§ Task item: Each line below should be retyped exactly, with no pictures.

[Opening Stored data section]

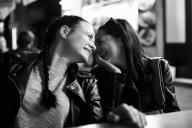 5 признаков, что человеку завидует друг или знакомый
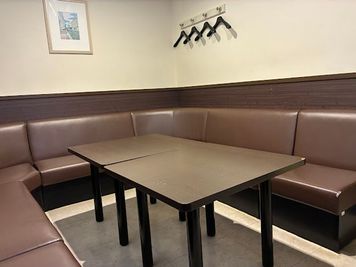 カラオケ コート・ダジュール金沢片町店 カラオケ　プロジェクタールームの室内の写真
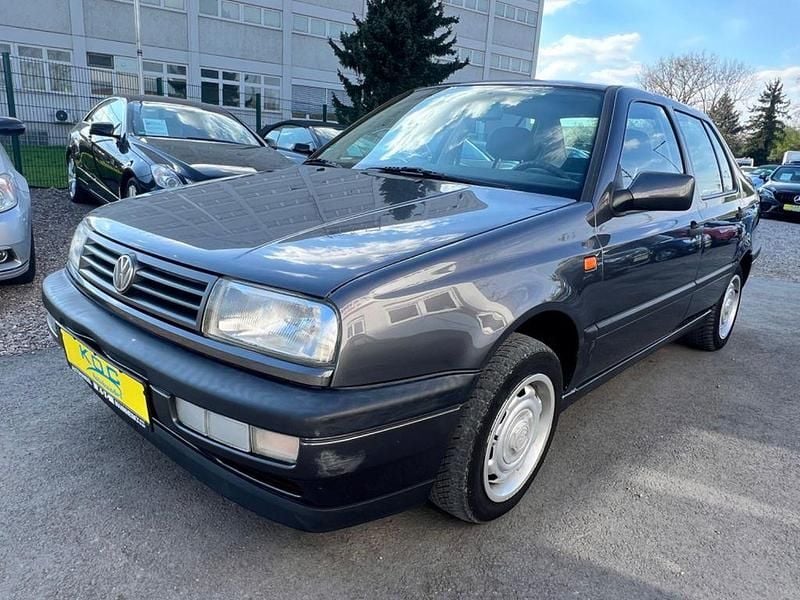 Gebraucht VW Vento 75 PS (55 kW) 1993 Braun Limousine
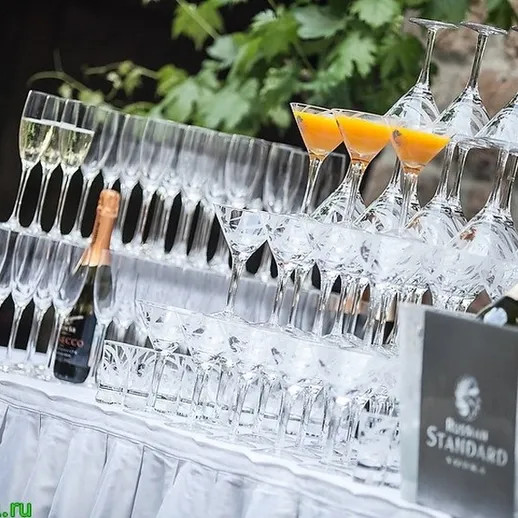 Услуги кейтеринга с шампанским и коктейлями на мероприятии на открытом воздухе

[Closing Stored data section]

§ Response to the task:
 5 признаков, что человеку завидует друг или знакомый
 カラオケ コート・ダジュール金沢片町店 カラオケ　プロジェクタールームの室内の写真
 Gebraucht VW Vento 75 PS (55 kW) 1993 Braun Limousine
 Услуги кейтеринга с шампанским и коктейлями на мероприятии на открытом воздухе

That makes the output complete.